Learning the AHL: How players can be acquired



With Stanley Cup finals and Calder Cup Finals now complete, attention has now turned to the 2018-19 season for NHL and AHL clubs and the Belleville Senators are getting primed for its second season.

With the NHL Draft taking place later this week in Dallas (June 22-23) and free agency commencing July 1, there are going to be a number of new faces in Ottawa and Belleville as the Senators front office staff get set for a huge few weeks for the organization.

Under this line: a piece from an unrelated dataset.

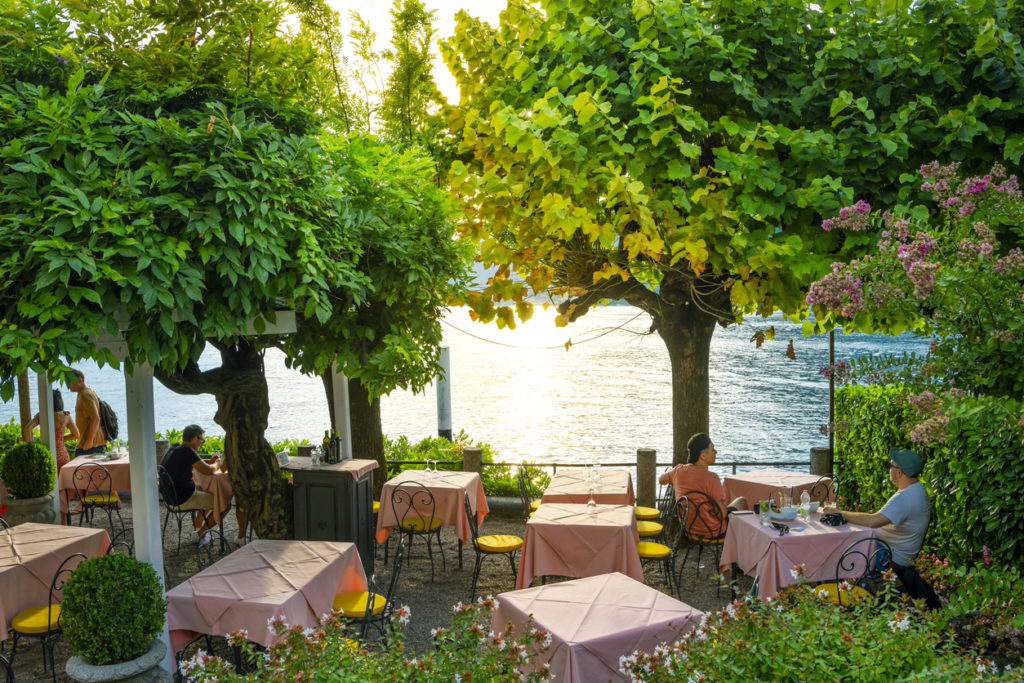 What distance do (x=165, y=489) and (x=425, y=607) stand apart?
12.2ft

With that being said, here’s a look at the five ways a player can be acquired:

NHL Draft

The Ottawa Senators, like many National Hockey League teams, acquire the most players through the NHL Entry Draft, which is held in June every year. The draft allows each NHL team to select amateur players between the ages of 18-21 to acquire their signing rights in the eyes of the league. Once a player is drafted, Ottawa can elect to sign the player they’ve selected to an entry-level contract, making them eligible to play in the NHL immediately. However, amateur players from North American leagues like major junior (ex. OHL) and junior A (ex. OJHL) are not eligible to play in the American Hockey League until they are 20 years of age or are turning 20 by December 31 of the season. Amateur players from European leagues are eligible to play in the AHL immediately after being signed.

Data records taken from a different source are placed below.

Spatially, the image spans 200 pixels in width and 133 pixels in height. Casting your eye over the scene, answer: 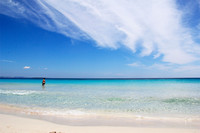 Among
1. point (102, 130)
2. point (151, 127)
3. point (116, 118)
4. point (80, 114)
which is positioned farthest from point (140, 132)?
point (80, 114)

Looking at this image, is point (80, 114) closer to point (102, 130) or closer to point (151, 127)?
point (102, 130)

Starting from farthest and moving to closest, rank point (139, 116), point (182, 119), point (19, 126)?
point (139, 116), point (182, 119), point (19, 126)

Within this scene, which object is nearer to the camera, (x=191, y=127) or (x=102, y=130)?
(x=102, y=130)

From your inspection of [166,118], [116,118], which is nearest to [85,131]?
[116,118]

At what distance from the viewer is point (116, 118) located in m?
6.71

Of the 47 players that suited up for the Belleville Senators in their inaugural season, 18 were drafted by the Ottawa Senators. Some of these players include Colin White (1st Round, 2015), Andreas Englund (2nd Round, 2014) and Max McCormick (6th Round, 2011).

Professional Free Agency

A common way of acquiring more experienced players is professional free agency, which begins July 1 every year. When NHL and AHL players’ contracts expire, they either become ‘unrestricted free agents’ meaning they can sign with whatever club they desire; or, they become ‘restricted free agents’ meaning their rights are still restricted to the team that they previously played for. Whether a player is restricted or unrestricted depends on their age and/or professional experience. NHL and AHL clubs may also sign free agent players from other leagues such as the KHL (Europe/Asia), SHL (Sweden) and ECHL (North America).
Some of these players include Erik Burgdoerfer (signed 2017 from Buffalo Sabres, NHL), Max Reinhart (signed 2017 from Kolner Haie, DEL/Germany) and Jack Rodewald (signed 2016 from Wichita Thunder, ECHL).

Amateur Free Agency

All amateur players who remain undrafted or unsigned become unrestricted free agents. Most players that are signed as amateur free agents are either “overagers” (playing their final season of junior hockey) or college players who are ready to turn professional.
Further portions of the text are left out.